Cash withdrawal from ATMs dips in April

Mumbai: Cash withdrawals from automated teller machines (ATMs) nearly halved to about Rs 1.27 lakh crore during April, mainly on account of the impact of the coronavirus-induced lockdown. The withdrawals were Rs 2.51 lakh crore in March.

According to data released by the RBI in monthly bulletin for June, the number of transactions or cash withdrawal volume from ATMs also declined 28.66 crore in April from 54.71 crore in the previous month.

April was the first full month of lockdown, due to which movements were restricted in a majority parts of the country.

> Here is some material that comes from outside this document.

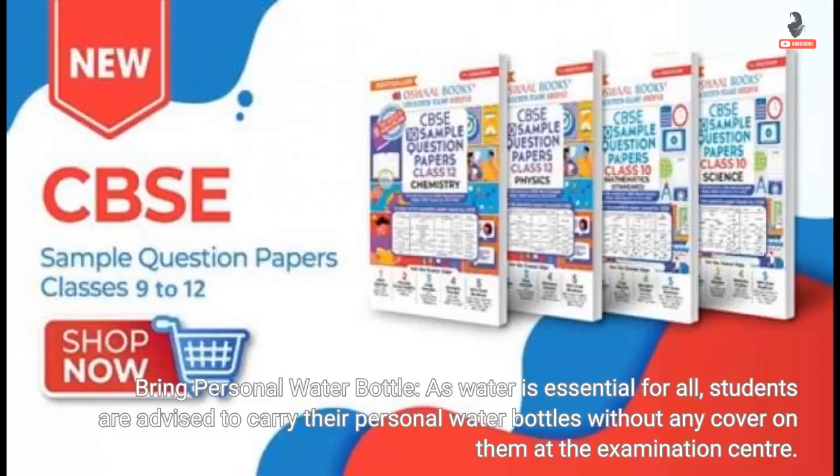Bring a personal water bottle. As water is essential for all, students are advised to carry their personal water bottles without any cover on them at the examination center.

The number of transactions through ATMs using debit cards also fell to nearly half to 28.52 crore in April, compared with 54.41 crore in the preceding month, the data said.

There were over 88.68 crore cards in April, including 5.73 crore credit cards and 82.94 debit cards. The total number of cards in March were about 88.63 crore.

There were 2.34 lakh ATMs and 50.85 lakh point of sale (PoS) terminals.

Cash withdrawal volumes at PoS machines, however, increased in April to 40.87 lakh, from 33.69 lakh in March. In terms of value, cash withdrawal at PoS machines stood at Rs 111 crore, compared with Rs 110 crore in March, the RBI data showed.

The number of transactions at micro ATMs using the Aadhaar-enabled payment system more than doubled to 875.54 lakh in April from 344.98 lakh.

Meanwhile, according to an article published in the monthly bulletin for June 2020, net financial assets of Indian households after having moderated in 2018-19 gathered pace in 2019-20, touching the levels reached in 2017-18 at 7.7 per cent of GDP.

The improvement has occurred due to moderation in household bank borrowings being sharper than those in bank deposits, it said.

As per the article, households’ gross financial liabilities turned negative in the first quarter of 2019-20 owing mainly to contraction in borrowings from commercial banks but picked up thereafter and peaked in the fourth quarter of 2019-20, reflecting apart from the seasonal uptick, higher borrowings induced by COVID-19-related hardships.

Both financial assets and liabilities of households remain bank-centric, with some shift in favour of mutual funds and insurance in recent quarters.

“A seasonal pattern is discernible in at least three financial instruments, namely, currency and bank deposits on the assets side, and bank borrowings on the liabilities side,” it said.